QT interval variability, mostly expressed by QT variability index (QTVi), has repeatedly been used in risk diagnostics. Physiologic correlates of QT variability expressions have been little researched especially when measured in short 10-second electrocardiograms (ECGs). This study investigated different QT variability indices, including QTVi and the standard deviation of QT interval durations (SDQT) in 657,287 10-second ECGs recorded in 523 healthy subjects (259 females). The indices were related to the underlying heart rate and to the 10-second standard deviation of RR intervals (SDRR).

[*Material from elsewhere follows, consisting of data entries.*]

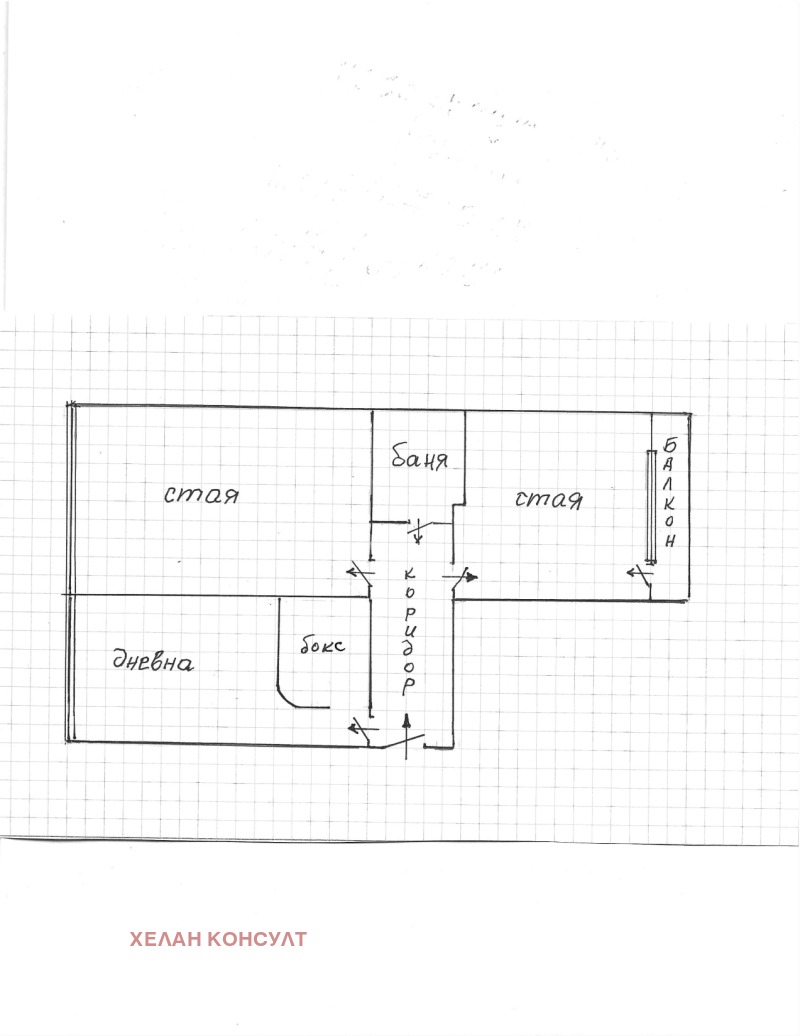 Till salu  1 sovrum Sofia , Vrabnica 2 , 72 kvm | 94443719 - bild [17]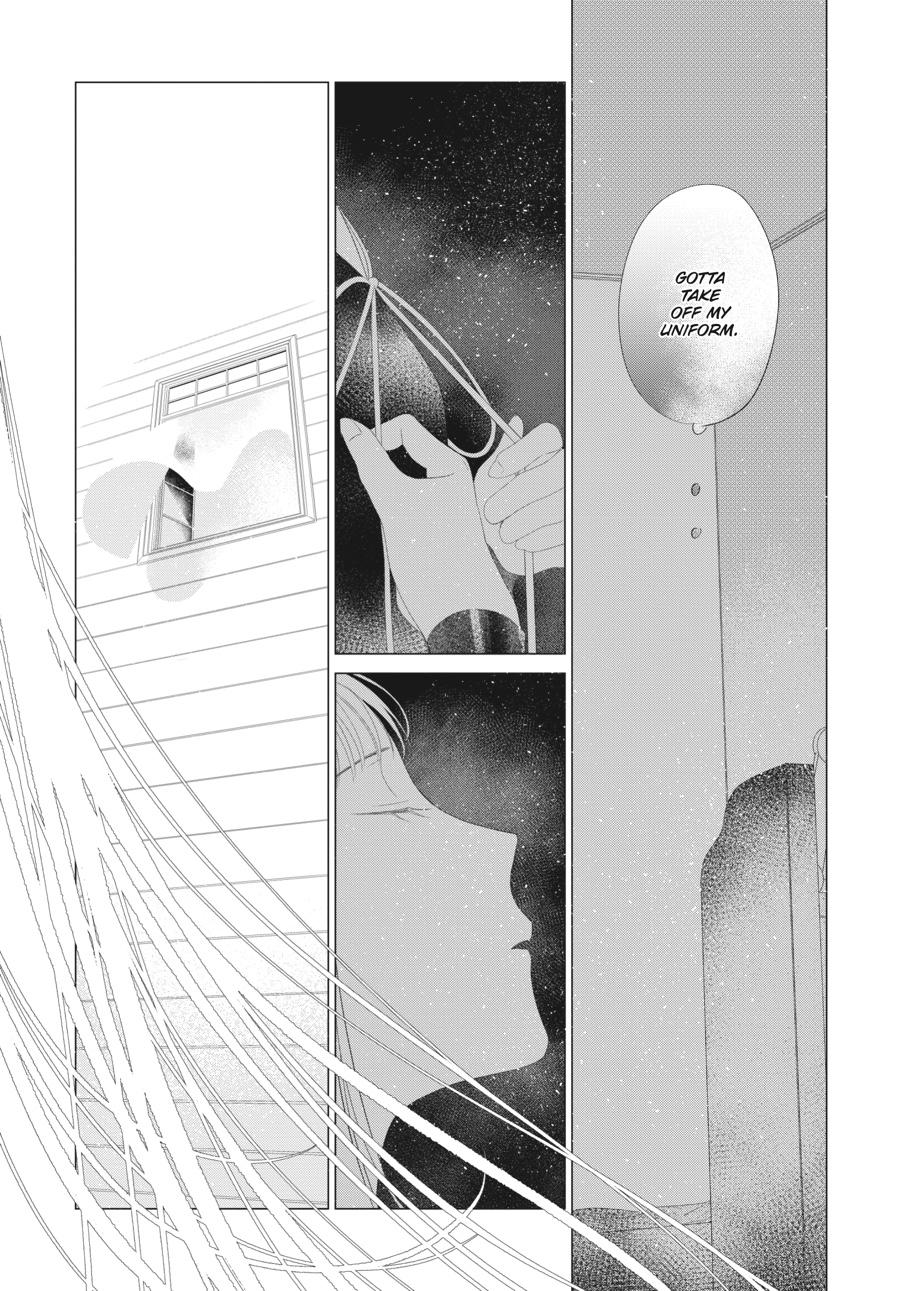 Mayu, Matou Chap 17 - Next Chap 18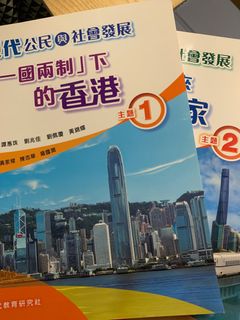 （分類：）位於 。 由 _852aviation_ 提交（商品編號 1298498620，圖片 1）。簡介： 。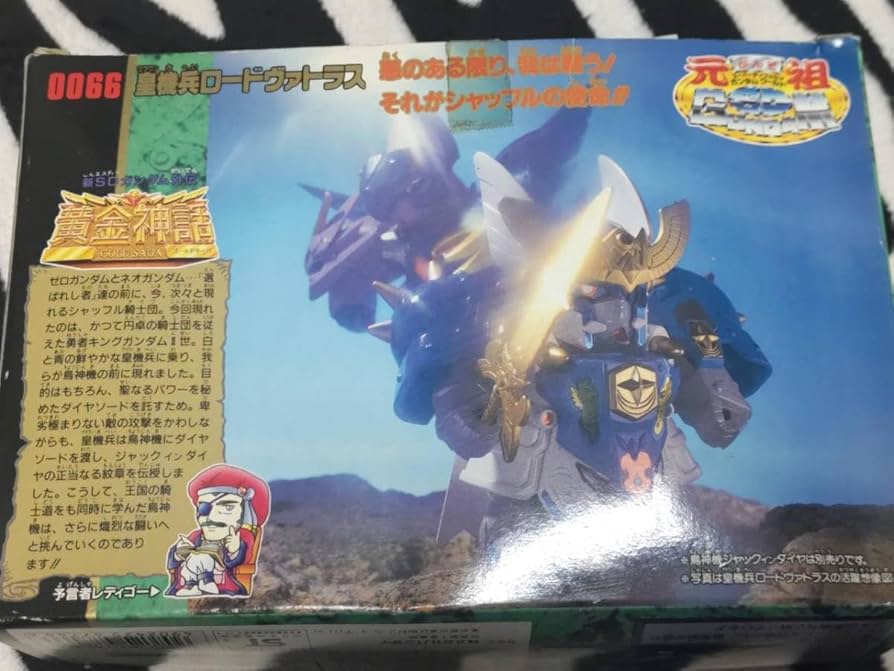 BANDAI - 新品　バンダイ　元祖SD　新SDガンダム外伝 黄金神話　ゴールドサーガ　皇機兵ロードヴァトラス　0066 BANDAI - 新品 バンダイ 元祖SD 新SDガンダム外伝 黄金神話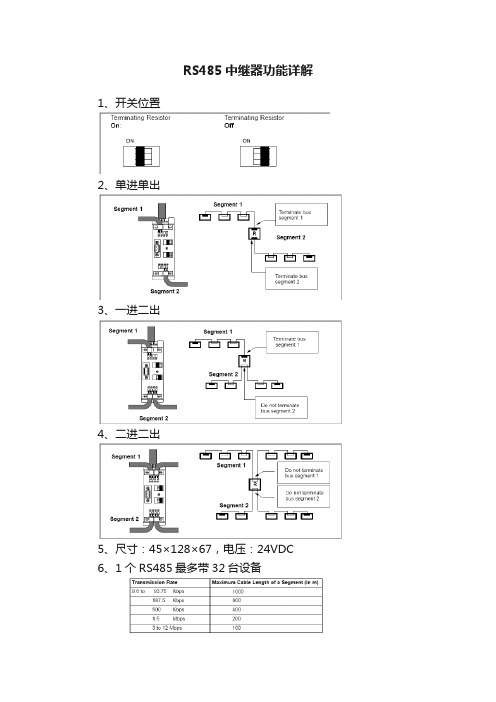 RS485中继器功能详解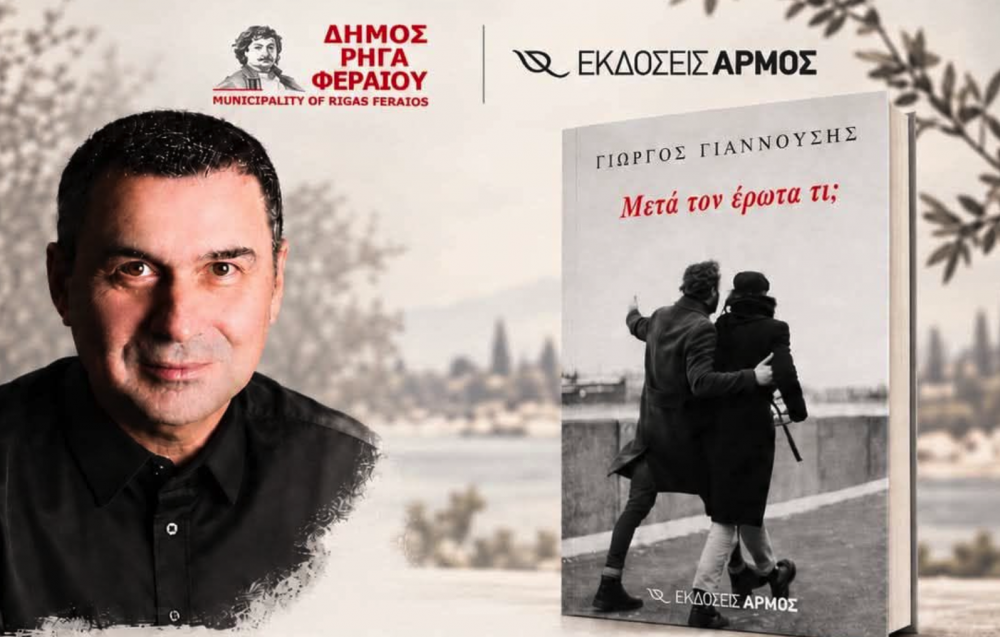 Μετά τον έρωτα τι;        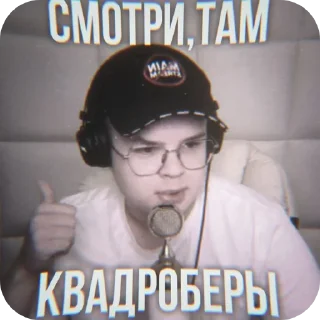 🔥 emoji А смысл жить? 2.0 Telegram sticker 22 of 59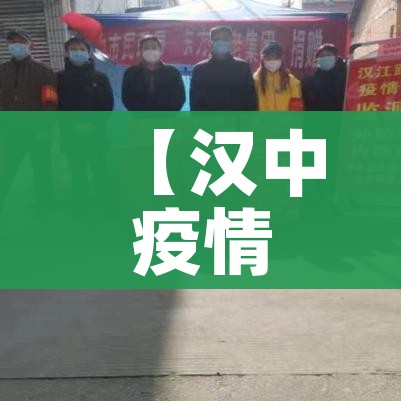 【北京9日内新增确诊205例/北京9日疫情】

The analyses showed that both QTVi and SDQT (as well as other QT variability indices) were highly statistically significantly (p < 0.00001) influenced by heart rate and that QTVi showed poor intra-subject reproducibility (coefficient of variance approaching 200%). Furthermore, sequential analysis of regression variance showed that SDQT was more strongly related to the underlying heart rate than to SDRR, and that QTVi was influenced by the underlying heart rate and SDRR more strongly than by SDQT (p < 0.00001 for these comparisons of regression dependency). The study concludes that instead of QTVi, simpler expressions of QT interval variability, such as SDQT, appear preferable for future applications especially if multivariable combination with the underlying heart rate is used.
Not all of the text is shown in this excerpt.